Schauen wir uns doch mal die historische Entwicklung der Narkose des Kaninchens an und kommen dann dazu, was Sie heute erwarten können:
Insgesamt ist die Entwicklung der Behandlungsmöglichkeiten und der Narkose beim Kaninchen mit eine der spannendsten Geschichten meiner Berufslaufbahn. Als Student und frischgebackener Tierarzt habe ich in einer Praxis gearbeitet, deren Chef noch ganz im Sinne der „alten Schule“ Kaninchen und Nager als Wegwerf-Haustiere gesehen hat. Wann immer so ein Tier an mehr als einer ausgerissenen Kralle erkrankt ist, hat er es eingeschläfert und dazu geraten, einfach etwas Neues anzuschaffen. Als da eines Tages ein Meerschweinchen mit einem Gesäugetumor aufgetaucht ist und ich – ganz der vorlaute Frischling – vorgeschlagen habe, den Tumor operativ zu entfernen, hat er mich für verrückt erklärt. Aber immerhin: Er hat mir freie Hand gelassen, den Eingriff zu versuchen, und es hat auch geklappt.
Das, was einem damals Angst vor solchen Maßnahmen gemacht hat, war nicht die Operation an sich, sondern die Narkose. Vom Hund mal abgesehen wurden damals so gut wie alle Tierarten mit einer intramuskulär verabreichten Mischung aus Xylazin und Ketamin in Narkose gelegt, und zwar nach dem Motto „Spritzen und Beten“. Eine in den Muskel gespritzte Narkose ermöglicht nicht die geringste Individualisierung oder Steuerung. Was drin ist, ist drin! War’s zu wenig, wurde der Patient während der Operation eventuell unruhig, war’s zu viel, hatte man es sehr schnell mit absolut lebensbedrohlichen Komplikationen zu tun. Auch gab es außer dem eigenen Auge (Atmet sie/er noch?) und dem Stethoskop (Hat sie/er noch einen Puls?) eigentlich keine praktikablen Überwachungsmethoden. Bei der Katze mit ihrer sprichwörtlichen Zähigkeit gegenüber auch den seltsamsten Narkoseverfahren ging das alles meistens gut, aber bei Nagern und Kaninchen war jede Anästhesie ein wenig wie Russisch Roulette. Wenn man das damalige Narkoserisiko eines Kaninchens ehrlich benennen will, muss man zugeben, dass es bestenfalls etwa alle fünfzig Narkosen zu einem Todesfall kam. Es wird Sie kaum verwundern, dass man unter diesen Voraussetzungen damals nur operiert hat, wenn es absolut nicht zu umgehen war. Das wirkt sich auch bis heute aus, denn dadurch hinken wir bei der Entwicklung bestimmter Operationstechniken bei Kaninchen und Nagern immer noch meilenweit hinter Hund und Katze her.

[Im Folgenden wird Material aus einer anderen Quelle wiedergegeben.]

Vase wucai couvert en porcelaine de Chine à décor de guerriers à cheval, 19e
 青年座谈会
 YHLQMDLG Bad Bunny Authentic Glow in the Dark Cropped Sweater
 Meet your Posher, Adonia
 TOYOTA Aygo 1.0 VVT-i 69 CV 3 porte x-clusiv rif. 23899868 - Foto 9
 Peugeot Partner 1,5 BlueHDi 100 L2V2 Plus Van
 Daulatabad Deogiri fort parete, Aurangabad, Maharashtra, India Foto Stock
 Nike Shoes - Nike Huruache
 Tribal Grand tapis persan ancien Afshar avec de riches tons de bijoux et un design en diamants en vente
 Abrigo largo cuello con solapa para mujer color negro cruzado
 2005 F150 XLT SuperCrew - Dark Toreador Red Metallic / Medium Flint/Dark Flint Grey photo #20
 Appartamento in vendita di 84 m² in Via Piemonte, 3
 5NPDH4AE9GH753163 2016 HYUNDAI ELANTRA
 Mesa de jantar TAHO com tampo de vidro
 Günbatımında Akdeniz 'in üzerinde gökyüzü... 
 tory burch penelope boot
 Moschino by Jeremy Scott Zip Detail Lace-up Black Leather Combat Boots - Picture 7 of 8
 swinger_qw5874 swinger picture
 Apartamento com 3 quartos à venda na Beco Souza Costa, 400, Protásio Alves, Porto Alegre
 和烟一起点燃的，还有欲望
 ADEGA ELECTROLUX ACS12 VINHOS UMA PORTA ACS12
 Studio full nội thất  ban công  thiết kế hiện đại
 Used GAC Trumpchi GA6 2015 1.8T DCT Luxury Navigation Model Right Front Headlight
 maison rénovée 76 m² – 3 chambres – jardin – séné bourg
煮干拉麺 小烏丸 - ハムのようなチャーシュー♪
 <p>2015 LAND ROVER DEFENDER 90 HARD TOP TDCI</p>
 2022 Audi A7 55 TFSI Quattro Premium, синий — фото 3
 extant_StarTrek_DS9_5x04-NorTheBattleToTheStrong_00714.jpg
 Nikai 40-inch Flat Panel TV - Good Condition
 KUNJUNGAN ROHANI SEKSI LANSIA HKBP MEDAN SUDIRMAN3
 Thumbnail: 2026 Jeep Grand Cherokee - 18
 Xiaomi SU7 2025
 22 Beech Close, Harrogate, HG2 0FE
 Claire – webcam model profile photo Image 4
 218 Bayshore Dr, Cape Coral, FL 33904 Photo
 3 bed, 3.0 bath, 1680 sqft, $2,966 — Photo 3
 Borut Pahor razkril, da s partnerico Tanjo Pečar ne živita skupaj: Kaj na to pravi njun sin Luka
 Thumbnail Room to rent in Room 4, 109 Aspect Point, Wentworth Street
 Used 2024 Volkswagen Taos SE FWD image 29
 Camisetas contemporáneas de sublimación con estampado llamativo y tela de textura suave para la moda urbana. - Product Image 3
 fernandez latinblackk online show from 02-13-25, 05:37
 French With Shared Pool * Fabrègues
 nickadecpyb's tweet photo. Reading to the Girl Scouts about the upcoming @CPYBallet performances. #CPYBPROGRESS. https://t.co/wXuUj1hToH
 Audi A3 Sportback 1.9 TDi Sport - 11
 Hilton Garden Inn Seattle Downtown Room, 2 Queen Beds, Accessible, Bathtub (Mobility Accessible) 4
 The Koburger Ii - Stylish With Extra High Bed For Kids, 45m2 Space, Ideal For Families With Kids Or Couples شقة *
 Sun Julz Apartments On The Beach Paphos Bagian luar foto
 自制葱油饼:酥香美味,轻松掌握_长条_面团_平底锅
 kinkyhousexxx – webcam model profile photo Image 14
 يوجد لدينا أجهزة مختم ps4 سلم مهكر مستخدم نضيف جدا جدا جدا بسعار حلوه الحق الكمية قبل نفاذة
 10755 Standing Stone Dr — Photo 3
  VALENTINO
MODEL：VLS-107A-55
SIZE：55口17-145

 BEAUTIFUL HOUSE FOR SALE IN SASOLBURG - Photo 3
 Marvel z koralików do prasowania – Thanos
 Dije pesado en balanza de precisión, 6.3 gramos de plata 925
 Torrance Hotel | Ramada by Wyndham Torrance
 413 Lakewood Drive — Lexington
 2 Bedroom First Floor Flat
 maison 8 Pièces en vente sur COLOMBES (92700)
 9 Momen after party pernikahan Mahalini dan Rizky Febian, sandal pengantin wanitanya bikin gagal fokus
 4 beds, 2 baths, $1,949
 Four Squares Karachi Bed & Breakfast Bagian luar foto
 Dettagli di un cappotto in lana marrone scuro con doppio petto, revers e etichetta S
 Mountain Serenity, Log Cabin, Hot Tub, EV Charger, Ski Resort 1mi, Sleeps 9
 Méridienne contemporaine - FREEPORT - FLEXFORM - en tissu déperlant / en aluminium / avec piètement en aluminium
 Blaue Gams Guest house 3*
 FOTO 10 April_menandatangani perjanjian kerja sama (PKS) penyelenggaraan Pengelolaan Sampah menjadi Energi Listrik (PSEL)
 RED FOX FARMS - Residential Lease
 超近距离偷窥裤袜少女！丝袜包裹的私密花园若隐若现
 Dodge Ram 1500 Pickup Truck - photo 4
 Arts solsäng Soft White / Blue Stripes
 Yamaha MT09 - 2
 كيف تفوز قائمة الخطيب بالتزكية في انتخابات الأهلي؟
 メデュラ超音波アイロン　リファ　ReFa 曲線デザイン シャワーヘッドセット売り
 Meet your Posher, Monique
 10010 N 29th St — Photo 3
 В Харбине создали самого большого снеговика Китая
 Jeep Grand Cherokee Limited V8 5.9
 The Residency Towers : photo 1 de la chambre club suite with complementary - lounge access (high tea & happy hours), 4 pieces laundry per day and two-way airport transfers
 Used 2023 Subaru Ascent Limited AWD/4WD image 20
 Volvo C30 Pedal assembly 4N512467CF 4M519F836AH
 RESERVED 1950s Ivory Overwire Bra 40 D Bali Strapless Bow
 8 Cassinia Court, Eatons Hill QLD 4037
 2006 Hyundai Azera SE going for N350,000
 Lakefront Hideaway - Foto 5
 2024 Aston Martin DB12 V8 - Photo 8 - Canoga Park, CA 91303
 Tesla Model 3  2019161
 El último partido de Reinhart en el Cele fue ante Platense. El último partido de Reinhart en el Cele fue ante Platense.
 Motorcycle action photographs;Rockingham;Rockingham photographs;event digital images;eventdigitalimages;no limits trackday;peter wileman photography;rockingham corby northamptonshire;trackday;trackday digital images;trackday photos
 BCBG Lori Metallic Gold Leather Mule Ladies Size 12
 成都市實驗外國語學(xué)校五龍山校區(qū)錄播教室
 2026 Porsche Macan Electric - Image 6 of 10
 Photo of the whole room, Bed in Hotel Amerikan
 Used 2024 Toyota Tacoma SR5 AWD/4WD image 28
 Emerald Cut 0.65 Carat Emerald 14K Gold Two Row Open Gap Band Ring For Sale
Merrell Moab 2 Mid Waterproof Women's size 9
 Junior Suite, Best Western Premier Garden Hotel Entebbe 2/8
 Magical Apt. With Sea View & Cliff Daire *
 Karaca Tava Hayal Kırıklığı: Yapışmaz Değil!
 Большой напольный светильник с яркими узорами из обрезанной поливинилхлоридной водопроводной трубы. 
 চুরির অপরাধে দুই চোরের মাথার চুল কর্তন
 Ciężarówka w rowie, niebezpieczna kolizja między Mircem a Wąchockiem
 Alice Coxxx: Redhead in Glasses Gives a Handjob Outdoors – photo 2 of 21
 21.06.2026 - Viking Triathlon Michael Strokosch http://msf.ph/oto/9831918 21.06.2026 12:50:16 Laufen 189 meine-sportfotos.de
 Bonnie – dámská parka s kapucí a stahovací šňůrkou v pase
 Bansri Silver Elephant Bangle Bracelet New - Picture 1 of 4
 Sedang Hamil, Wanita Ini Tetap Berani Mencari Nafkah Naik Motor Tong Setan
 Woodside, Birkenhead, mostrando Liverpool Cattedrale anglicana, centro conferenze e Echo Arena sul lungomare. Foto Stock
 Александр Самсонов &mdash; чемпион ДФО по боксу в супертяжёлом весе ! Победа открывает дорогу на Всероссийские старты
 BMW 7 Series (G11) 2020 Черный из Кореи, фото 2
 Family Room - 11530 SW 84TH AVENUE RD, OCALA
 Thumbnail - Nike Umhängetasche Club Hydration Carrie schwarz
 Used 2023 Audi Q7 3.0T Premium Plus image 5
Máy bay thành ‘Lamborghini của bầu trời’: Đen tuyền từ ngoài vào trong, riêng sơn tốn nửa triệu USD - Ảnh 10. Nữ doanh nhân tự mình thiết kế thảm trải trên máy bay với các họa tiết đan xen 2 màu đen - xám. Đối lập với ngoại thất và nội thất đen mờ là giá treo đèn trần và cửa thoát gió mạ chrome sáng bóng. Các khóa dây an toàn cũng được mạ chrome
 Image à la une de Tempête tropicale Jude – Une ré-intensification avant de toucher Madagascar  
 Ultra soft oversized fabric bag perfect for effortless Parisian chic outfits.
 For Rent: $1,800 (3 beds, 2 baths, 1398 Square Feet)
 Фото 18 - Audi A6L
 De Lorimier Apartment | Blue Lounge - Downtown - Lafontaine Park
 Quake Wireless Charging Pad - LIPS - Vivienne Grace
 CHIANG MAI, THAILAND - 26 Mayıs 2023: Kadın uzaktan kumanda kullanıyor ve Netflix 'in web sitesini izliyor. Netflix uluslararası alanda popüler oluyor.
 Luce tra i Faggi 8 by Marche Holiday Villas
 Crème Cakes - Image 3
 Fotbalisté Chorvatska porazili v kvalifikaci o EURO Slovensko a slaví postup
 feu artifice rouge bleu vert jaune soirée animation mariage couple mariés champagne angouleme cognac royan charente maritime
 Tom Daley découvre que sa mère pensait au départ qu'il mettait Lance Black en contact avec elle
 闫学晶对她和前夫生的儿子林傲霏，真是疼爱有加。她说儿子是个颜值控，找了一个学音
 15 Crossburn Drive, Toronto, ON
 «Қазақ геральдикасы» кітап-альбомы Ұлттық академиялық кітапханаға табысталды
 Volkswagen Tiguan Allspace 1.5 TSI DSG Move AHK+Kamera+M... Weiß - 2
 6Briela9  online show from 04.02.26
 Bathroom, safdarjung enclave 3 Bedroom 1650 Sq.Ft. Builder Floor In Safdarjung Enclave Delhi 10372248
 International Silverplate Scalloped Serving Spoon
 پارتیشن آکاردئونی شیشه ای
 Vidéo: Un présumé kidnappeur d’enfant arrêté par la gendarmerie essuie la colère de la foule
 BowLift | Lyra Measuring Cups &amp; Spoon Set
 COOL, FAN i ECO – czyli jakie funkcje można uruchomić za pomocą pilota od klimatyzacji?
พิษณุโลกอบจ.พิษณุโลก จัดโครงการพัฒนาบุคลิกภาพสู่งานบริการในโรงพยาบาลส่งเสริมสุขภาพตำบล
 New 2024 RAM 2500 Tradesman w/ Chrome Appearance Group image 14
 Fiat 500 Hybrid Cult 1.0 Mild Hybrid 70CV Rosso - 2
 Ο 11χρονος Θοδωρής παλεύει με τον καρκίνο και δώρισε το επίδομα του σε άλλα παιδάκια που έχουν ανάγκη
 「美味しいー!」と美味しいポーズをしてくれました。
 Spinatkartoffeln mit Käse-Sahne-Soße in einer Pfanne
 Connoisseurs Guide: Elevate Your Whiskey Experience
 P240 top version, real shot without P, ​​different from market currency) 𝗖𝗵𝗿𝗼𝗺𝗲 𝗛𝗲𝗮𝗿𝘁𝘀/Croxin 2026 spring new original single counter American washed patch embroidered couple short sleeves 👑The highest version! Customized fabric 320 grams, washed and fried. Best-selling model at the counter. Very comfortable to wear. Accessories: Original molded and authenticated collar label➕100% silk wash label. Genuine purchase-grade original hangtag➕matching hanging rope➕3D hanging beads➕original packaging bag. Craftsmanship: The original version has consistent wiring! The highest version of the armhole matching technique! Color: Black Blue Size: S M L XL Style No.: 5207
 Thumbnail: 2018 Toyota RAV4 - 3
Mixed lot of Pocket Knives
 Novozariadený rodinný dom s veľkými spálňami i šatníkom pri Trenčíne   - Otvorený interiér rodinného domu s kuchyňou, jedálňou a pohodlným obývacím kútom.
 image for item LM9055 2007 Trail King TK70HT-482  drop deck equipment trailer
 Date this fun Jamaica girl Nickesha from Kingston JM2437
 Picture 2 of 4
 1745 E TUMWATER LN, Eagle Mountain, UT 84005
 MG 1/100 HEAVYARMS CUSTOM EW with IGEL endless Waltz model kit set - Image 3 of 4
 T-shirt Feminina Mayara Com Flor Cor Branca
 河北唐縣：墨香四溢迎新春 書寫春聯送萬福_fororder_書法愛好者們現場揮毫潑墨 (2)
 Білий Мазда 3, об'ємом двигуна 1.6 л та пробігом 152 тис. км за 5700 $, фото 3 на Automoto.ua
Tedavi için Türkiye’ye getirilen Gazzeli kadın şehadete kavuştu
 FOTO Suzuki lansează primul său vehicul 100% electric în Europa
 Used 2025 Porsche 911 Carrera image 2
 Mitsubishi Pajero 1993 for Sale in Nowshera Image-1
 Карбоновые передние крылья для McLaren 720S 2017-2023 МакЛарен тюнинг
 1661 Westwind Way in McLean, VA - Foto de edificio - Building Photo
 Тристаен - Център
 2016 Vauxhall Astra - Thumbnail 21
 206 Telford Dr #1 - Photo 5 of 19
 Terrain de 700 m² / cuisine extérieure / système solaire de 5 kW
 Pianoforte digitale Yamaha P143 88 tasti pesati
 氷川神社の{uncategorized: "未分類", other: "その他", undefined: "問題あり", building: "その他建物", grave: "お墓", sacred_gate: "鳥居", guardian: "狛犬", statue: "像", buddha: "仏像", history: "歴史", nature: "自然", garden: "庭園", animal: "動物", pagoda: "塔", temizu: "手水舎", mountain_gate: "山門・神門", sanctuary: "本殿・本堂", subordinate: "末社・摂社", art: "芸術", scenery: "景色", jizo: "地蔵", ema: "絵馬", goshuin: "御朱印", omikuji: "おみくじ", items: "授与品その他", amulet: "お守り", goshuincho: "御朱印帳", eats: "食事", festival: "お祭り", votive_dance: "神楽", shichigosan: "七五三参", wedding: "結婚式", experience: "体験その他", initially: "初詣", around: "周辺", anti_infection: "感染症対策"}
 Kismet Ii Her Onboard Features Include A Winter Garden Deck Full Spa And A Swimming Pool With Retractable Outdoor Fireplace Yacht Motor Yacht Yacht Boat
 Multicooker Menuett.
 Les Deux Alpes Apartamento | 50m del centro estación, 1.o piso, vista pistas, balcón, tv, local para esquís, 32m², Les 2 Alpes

Jahrelang hat sich an dieser Lage nichts Entscheidendes geändert. Die Hälfte meiner grauen Haare ist wahrscheinlich auf Kaninchen- und Nagernarkosen in dieser Zeit zurückzuführen. Aber dann kam eine bahnbrechende Neuerung: Die bis heute berühmte und auch vielen Kaninchenhaltern dem Namen nach bekannte Triple-Narkose. Triple („Dreifach“) deshalb, weil hierbei drei unterschiedliche Narkosemittel zusammen verabreicht werden; zwar immer noch intramuskulär, also wieder schlecht steuerbar, aber mit drei anderen Wirkstoffen immerhin komplett antagonisierbar (aufhebbar). Geriet der Patient also in echte Schwierigkeiten, konnte man die Narkose recht effektiv und schnell wieder aufheben. Auch waren stundenlange und gefährliche Nachschlaf-Phasen damit endgültig Geschichte. Die Triple-Narkose öffnete endlich die Tür zu einer sich nun schnell verbessernden chirurgischen Versorgung von Kaninchen und Nagern. Auch sogenannte Wahleingriffe, also Operationen, die nicht durch eine unmittelbare Notlage erzwungen werden, konnten nun deutlich entspannter angegangen werden. Die Kastration (Ovarhysterektomie) des weiblichen Kaninchens, die den Tieren im weiteren Lebensverlauf viel Leid ersparen kann, setzt sich seit der Einführung der Triple-Narkose immer mehr als Routineeingriff durch, was vorher angesichts des hohen Risikos undenkbar gewesen wäre.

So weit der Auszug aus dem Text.